[Data excerpts]
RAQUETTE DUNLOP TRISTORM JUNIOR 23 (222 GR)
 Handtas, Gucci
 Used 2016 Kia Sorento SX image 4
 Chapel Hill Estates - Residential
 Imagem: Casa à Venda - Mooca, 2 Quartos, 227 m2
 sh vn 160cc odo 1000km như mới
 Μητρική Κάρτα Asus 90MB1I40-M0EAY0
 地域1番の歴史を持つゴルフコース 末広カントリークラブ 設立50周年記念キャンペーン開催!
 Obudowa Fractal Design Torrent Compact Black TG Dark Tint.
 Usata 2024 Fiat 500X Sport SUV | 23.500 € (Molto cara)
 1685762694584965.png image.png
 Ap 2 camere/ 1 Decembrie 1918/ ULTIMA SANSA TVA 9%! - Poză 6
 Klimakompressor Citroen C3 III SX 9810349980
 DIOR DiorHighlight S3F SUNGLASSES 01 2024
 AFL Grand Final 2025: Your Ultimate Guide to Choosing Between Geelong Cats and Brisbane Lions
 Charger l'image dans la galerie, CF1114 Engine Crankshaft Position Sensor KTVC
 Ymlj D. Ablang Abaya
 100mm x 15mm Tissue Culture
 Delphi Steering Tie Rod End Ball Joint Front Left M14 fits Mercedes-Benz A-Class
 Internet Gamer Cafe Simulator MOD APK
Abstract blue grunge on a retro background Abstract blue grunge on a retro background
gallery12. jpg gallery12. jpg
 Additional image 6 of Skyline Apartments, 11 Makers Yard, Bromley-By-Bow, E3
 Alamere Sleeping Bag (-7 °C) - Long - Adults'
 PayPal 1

### The problem:
What's needed is a word-for-word copy of the lines from the one holding "Internet Gamer Cafe Simulator MOD APK" through the final line of the data.

### Result for this exercise:
 Internet Gamer Cafe Simulator MOD APK
Abstract blue grunge on a retro background Abstract blue grunge on a retro background
gallery12. jpg gallery12. jpg
 Additional image 6 of Skyline Apartments, 11 Makers Yard, Bromley-By-Bow, E3
 Alamere Sleeping Bag (-7 °C) - Long - Adults'
 PayPal 1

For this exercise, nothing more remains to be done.